◆ **The input**:
####
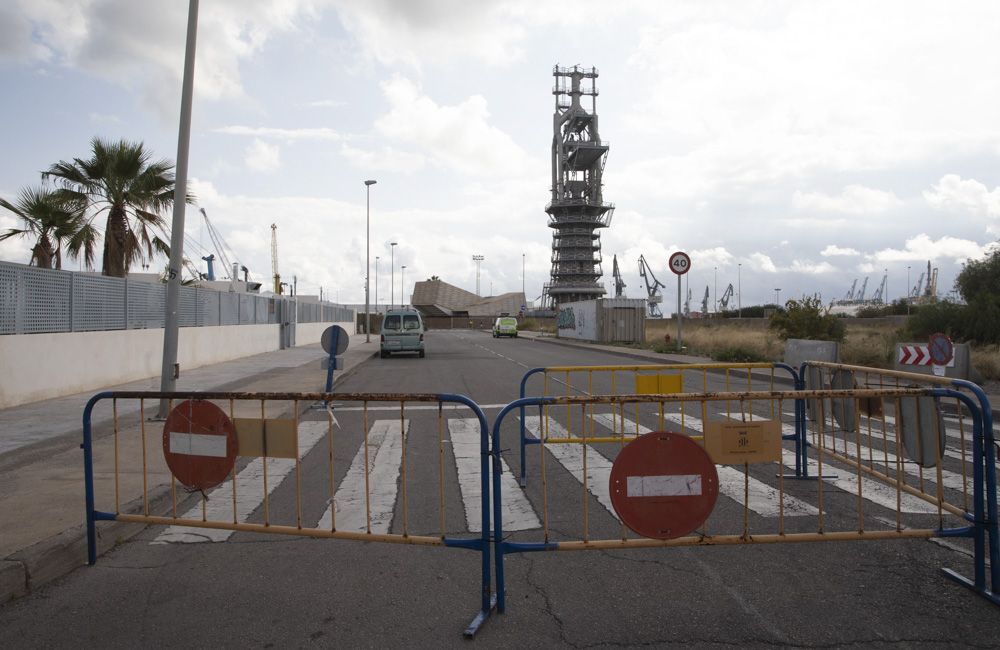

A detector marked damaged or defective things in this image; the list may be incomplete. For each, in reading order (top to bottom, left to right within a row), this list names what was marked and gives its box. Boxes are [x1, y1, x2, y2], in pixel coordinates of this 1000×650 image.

rusty metal barrier [84, 388, 498, 636]
rusty metal barrier [520, 362, 800, 484]
rusty metal barrier [488, 384, 996, 612]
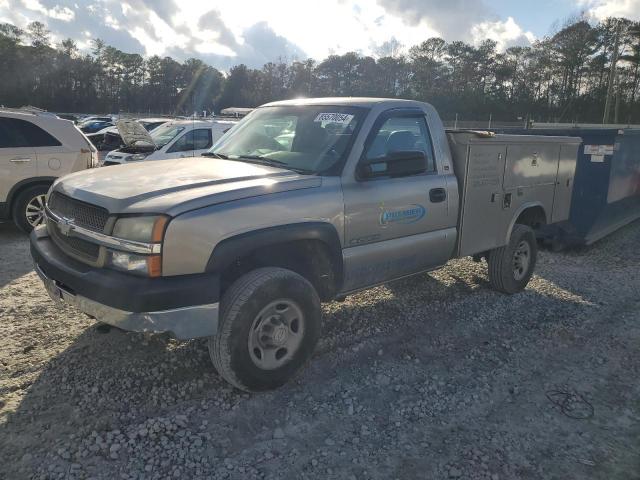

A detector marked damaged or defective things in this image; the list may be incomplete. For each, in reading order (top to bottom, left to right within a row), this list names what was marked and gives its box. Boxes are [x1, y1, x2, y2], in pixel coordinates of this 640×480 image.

damaged vehicle [101, 118, 236, 167]
damaged vehicle [30, 96, 580, 390]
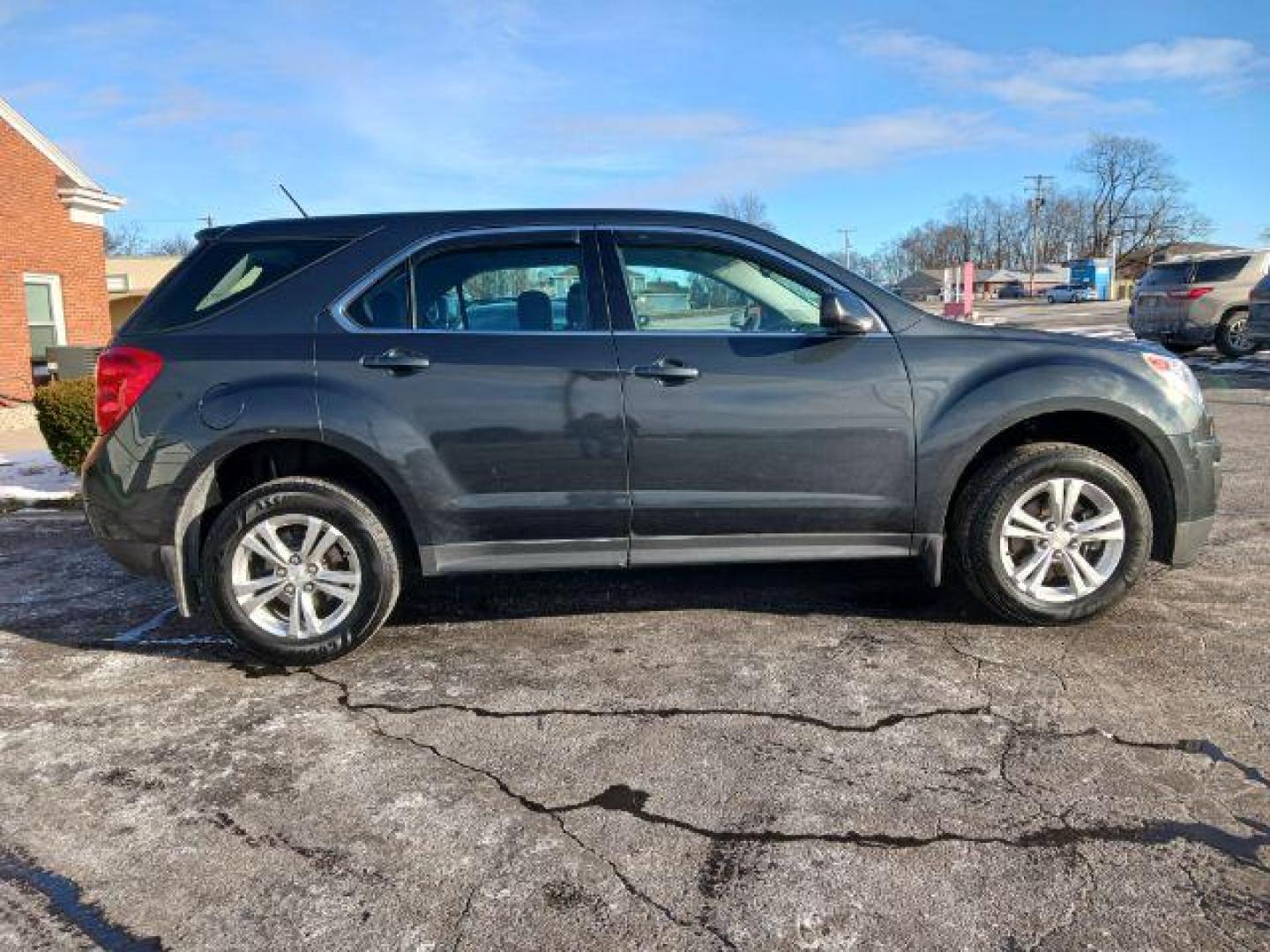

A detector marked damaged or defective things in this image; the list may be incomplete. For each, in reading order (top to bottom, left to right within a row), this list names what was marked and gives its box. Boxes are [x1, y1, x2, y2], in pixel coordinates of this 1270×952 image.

cracked asphalt pavement [0, 383, 1265, 952]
####
◆ **What you have to do**: Starting at the line that holds "this 640×480 image.", copy each line exactly through the end of the material above, keeping both ends and dropping the pictures.

◆ **Result of the exercise**:
A detector marked damaged or defective things in this image; the list may be incomplete. For each, in reading order (top to bottom, left to right within a row), this list names what was marked and gives its box. Boxes are [x1, y1, x2, y2], in pixel coordinates of this 640×480 image.

damaged vehicle [101, 118, 236, 167]
damaged vehicle [30, 96, 580, 390]

A detector marked damaged or defective things in this image; the list may be incomplete. For each, in reading order (top to bottom, left to right within a row), this list names what was marked and gives its box. Boxes are [x1, y1, x2, y2], in pixel coordinates of this 1270×952 image.

cracked asphalt pavement [0, 383, 1265, 952]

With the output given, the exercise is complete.